**Extracted entries**
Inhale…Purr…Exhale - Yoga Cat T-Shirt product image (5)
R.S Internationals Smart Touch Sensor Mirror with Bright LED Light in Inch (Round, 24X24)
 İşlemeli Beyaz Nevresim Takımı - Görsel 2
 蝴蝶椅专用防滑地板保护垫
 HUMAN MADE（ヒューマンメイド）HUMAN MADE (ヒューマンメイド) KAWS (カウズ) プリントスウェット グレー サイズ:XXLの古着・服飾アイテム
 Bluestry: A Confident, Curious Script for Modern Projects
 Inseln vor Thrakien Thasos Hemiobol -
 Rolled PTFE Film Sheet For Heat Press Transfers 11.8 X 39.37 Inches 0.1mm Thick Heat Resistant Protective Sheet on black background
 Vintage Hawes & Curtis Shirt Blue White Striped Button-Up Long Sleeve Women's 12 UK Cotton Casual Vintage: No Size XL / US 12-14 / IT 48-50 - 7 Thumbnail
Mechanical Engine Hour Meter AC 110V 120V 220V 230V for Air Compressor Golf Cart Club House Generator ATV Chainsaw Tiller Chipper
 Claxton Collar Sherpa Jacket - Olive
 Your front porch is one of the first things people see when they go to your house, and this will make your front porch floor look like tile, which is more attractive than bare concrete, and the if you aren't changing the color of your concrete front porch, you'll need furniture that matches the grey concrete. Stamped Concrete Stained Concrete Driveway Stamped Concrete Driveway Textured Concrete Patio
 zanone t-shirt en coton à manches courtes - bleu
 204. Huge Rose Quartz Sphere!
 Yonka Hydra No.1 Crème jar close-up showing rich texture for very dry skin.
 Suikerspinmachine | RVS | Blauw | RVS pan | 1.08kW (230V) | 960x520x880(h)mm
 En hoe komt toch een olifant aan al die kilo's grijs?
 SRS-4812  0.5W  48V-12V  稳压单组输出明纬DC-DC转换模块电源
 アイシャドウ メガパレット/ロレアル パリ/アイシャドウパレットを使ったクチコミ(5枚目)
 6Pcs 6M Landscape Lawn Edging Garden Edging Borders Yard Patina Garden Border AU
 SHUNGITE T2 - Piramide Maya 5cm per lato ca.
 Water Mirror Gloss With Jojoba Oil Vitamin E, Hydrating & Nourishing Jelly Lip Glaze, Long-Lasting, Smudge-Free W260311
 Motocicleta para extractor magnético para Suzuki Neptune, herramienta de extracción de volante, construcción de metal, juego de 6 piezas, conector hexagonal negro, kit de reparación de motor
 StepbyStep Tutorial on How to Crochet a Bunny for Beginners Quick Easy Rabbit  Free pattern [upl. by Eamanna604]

**Task to complete**
What's needed is a word-for-word restatement of all the entries.

**Answer for this exercise**
Inhale…Purr…Exhale - Yoga Cat T-Shirt product image (5)
R.S Internationals Smart Touch Sensor Mirror with Bright LED Light in Inch (Round, 24X24)
 İşlemeli Beyaz Nevresim Takımı - Görsel 2
 蝴蝶椅专用防滑地板保护垫
 HUMAN MADE（ヒューマンメイド）HUMAN MADE (ヒューマンメイド) KAWS (カウズ) プリントスウェット グレー サイズ:XXLの古着・服飾アイテム
 Bluestry: A Confident, Curious Script for Modern Projects
 Inseln vor Thrakien Thasos Hemiobol -
 Rolled PTFE Film Sheet For Heat Press Transfers 11.8 X 39.37 Inches 0.1mm Thick Heat Resistant Protective Sheet on black background
 Vintage Hawes & Curtis Shirt Blue White Striped Button-Up Long Sleeve Women's 12 UK Cotton Casual Vintage: No Size XL / US 12-14 / IT 48-50 - 7 Thumbnail
Mechanical Engine Hour Meter AC 110V 120V 220V 230V for Air Compressor Golf Cart Club House Generator ATV Chainsaw Tiller Chipper
 Claxton Collar Sherpa Jacket - Olive
 Your front porch is one of the first things people see when they go to your house, and this will make your front porch floor look like tile, which is more attractive than bare concrete, and the if you aren't changing the color of your concrete front porch, you'll need furniture that matches the grey concrete. Stamped Concrete Stained Concrete Driveway Stamped Concrete Driveway Textured Concrete Patio
 zanone t-shirt en coton à manches courtes - bleu
 204. Huge Rose Quartz Sphere!
 Yonka Hydra No.1 Crème jar close-up showing rich texture for very dry skin.
 Suikerspinmachine | RVS | Blauw | RVS pan | 1.08kW (230V) | 960x520x880(h)mm
 En hoe komt toch een olifant aan al die kilo's grijs?
 SRS-4812  0.5W  48V-12V  稳压单组输出明纬DC-DC转换模块电源
 アイシャドウ メガパレット/ロレアル パリ/アイシャドウパレットを使ったクチコミ(5枚目)
 6Pcs 6M Landscape Lawn Edging Garden Edging Borders Yard Patina Garden Border AU
 SHUNGITE T2 - Piramide Maya 5cm per lato ca.
 Water Mirror Gloss With Jojoba Oil Vitamin E, Hydrating & Nourishing Jelly Lip Glaze, Long-Lasting, Smudge-Free W260311
 Motocicleta para extractor magnético para Suzuki Neptune, herramienta de extracción de volante, construcción de metal, juego de 6 piezas, conector hexagonal negro, kit de reparación de motor
 StepbyStep Tutorial on How to Crochet a Bunny for Beginners Quick Easy Rabbit  Free pattern [upl. by Eamanna604]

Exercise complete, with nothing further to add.